Jenny Louie, DPH chief financial officer, presented the department s third-quarter financial report on May 16 and told the commission that DPH is projecting a $6.9 million deficit for the fiscal year to date, an improvement from a prior $14.9 million projection.
Louie said the department s revenue shortfall is roughly $18 million and is primarily driven by reduced census at Laguna Honda during the recertification process and by an expected $38 million in prior-year medical waiver settlements that the state does not expect to arrive in time for the current fiscal year. She said the shortfall is partially offset by about $11 million in projected expenditure improvements.
On the expenditure side, Louie said the department anticipates some salary savings and has already moved transfers between internal funds to balance operational needs. She described transfers and offsets made for Zuckerberg San Francisco General and Laguna Honda to manage facility-specific variances.

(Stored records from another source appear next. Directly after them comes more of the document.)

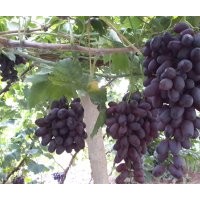 供應紫甜無核（A17）紫脆無核（A09）葡萄苗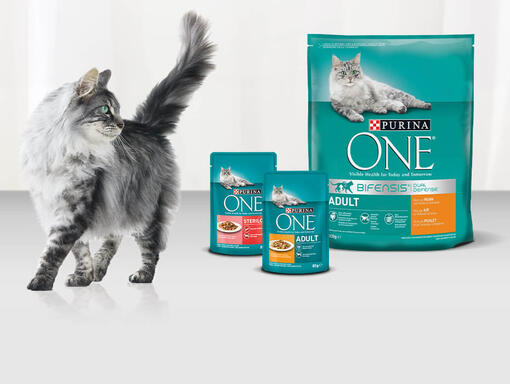 PURINA ONE BIFENSIS Mobile Image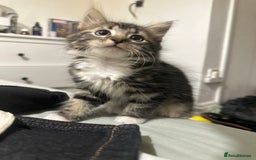 Mixed Breed cats for sale: 3 Male kittens for sale  - Image 9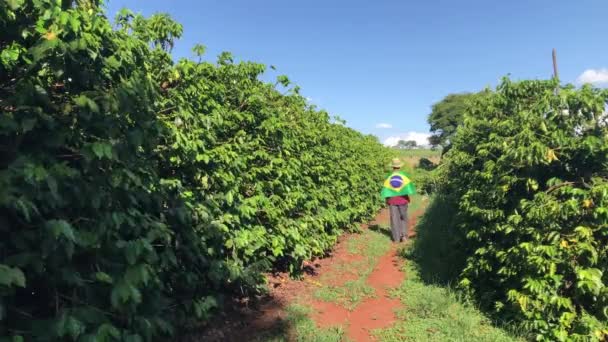 Farmer Coffee Field Brazilian Flag — Stock Video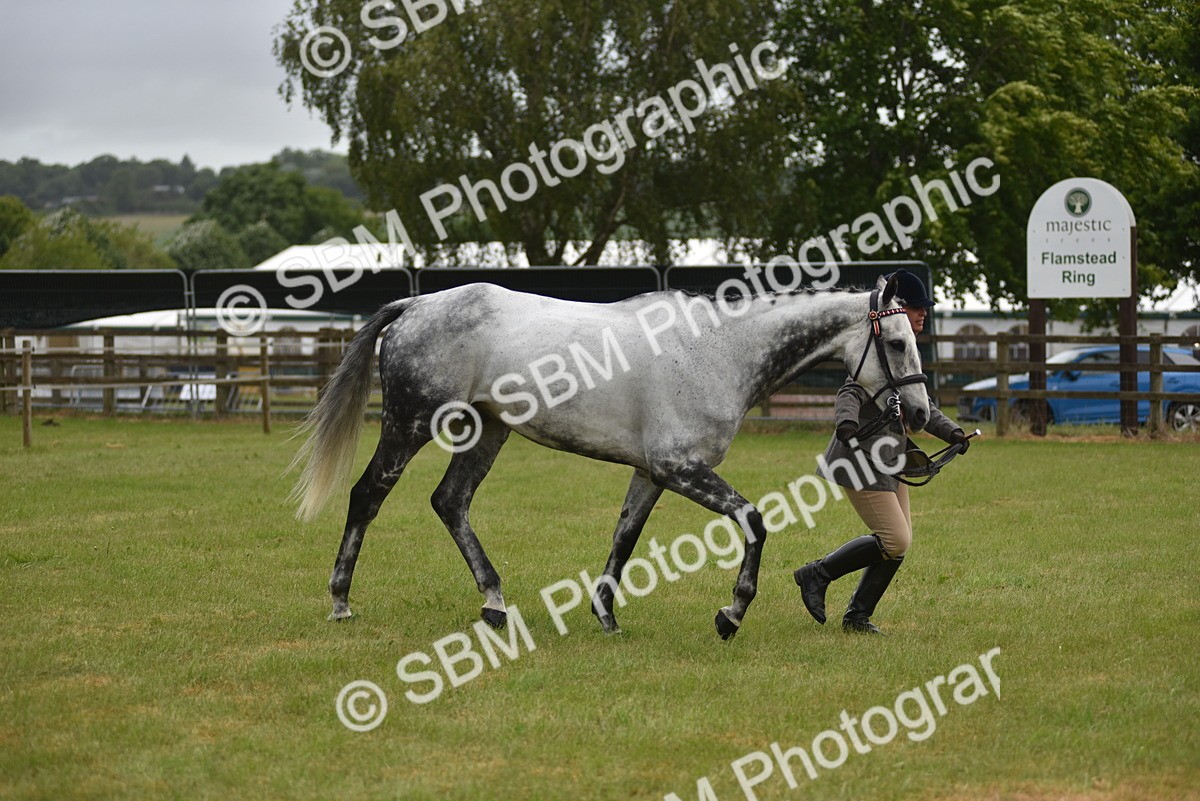 SBM_10662 - Class 109 - Retraining of Racehorses in Hand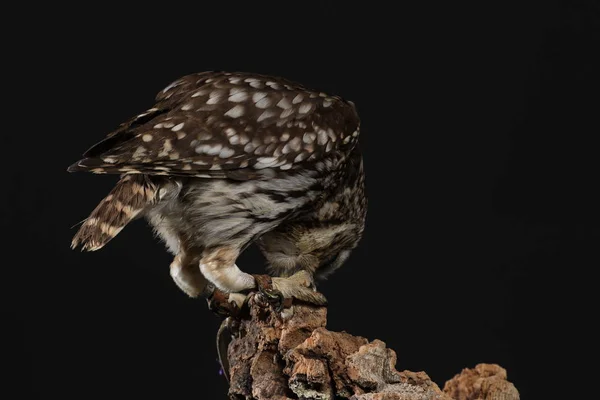 黒い背景にモリフクロウの肖像 — ストック写真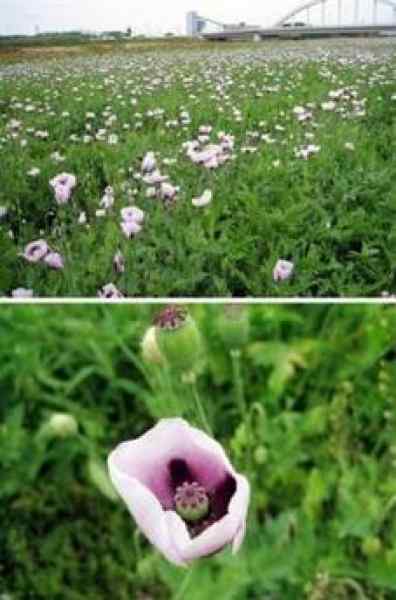 poppies.jpg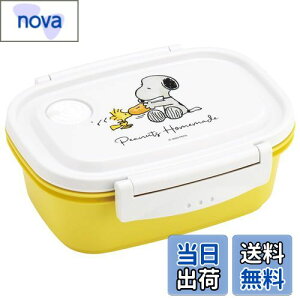 yzXP[^[(Skater) Ny y ٓ M 550ml WΉ V[e ۑe Xk[s[  { XPM4-A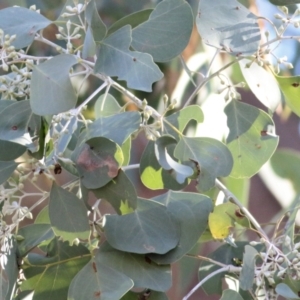 Eucalyptus polyanthemos subsp. vestita at WREN Reserves - 30 May 2021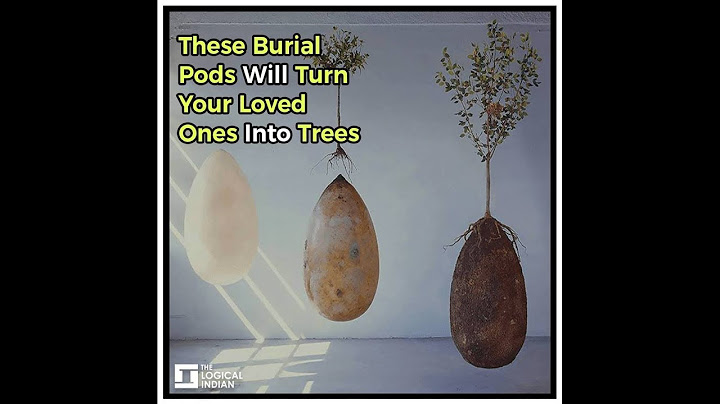 These Burial Pods Will Turn Your Loved Ones Into Trees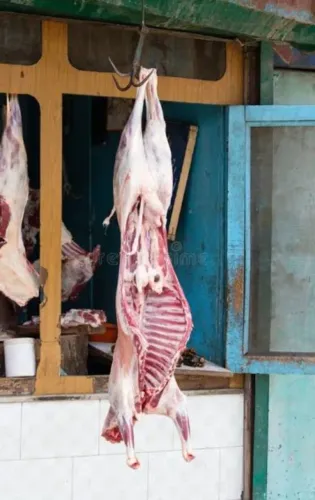 Carne de carneiro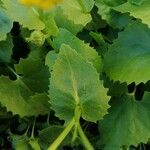 Doronicum pardalianches Ліст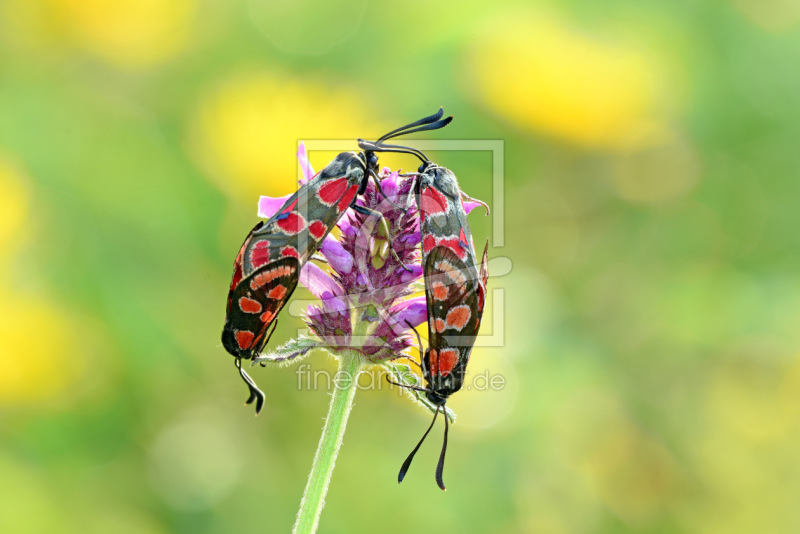 frei wählbarer Bildausschnitt für Ihr Bild auf Fensterfolie
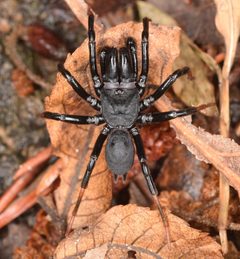 Sphodros atlanticus 61504683 by skitterbug. Used under a CC BY 4.0 license.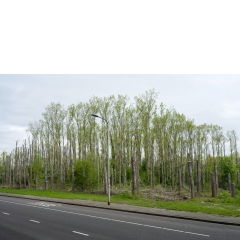 Atropine #002 Atropine #002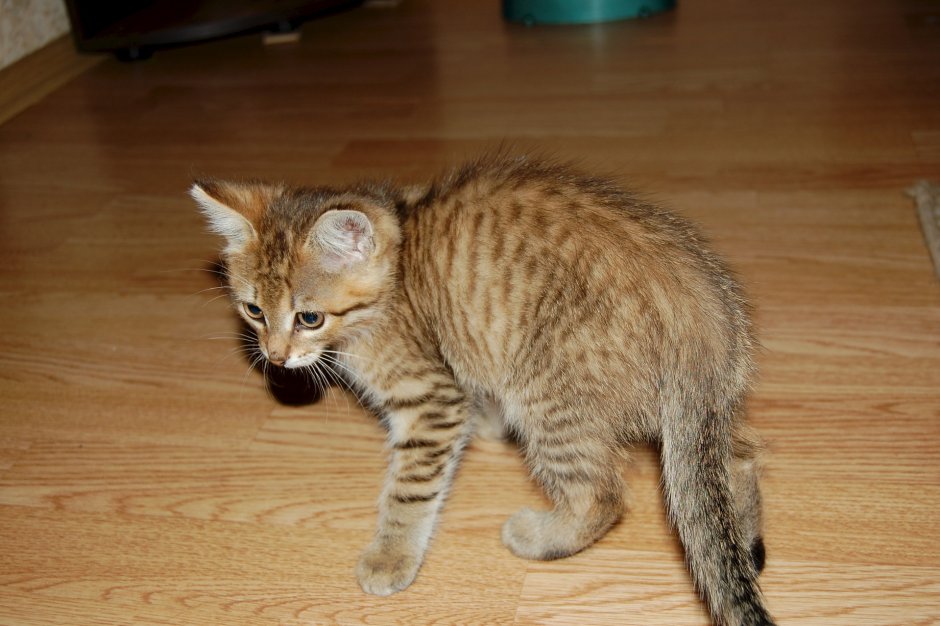 Домашняя кошка Felis catus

Louie provided a program-level breakdown: Zuckerberg San Francisco General faces mixed revenue dynamics tied to a shift to fee-for-service payments; Laguna Honda continues to show a revenue shortfall tied to reduced skilled nursing volumes; behavioral health and other divisions show mixed variances driven by changes in patient eligibility and state allocations.
Public comment and commissioner questions focused on staffing and the practical meaning of salary savings. A commenter worried salary savings reflected chronic understaffing at Laguna Honda and suggested that the current numbers may underrepresent service strain. Commissioners asked for clarification that salary and fringe savings largely reflect unfilled positions rather than operational efficiencies; Louie confirmed that salary savings reflect vacancies and that DPH is monitoring hiring and separations.
What happens next: If the $6.9 million deficit persists at year end, Louie said DPH would withdraw from its management reserve to balance the year. She also said the department is continuing to refine projections as revenue timing (for settlements and state program payments) becomes clearer.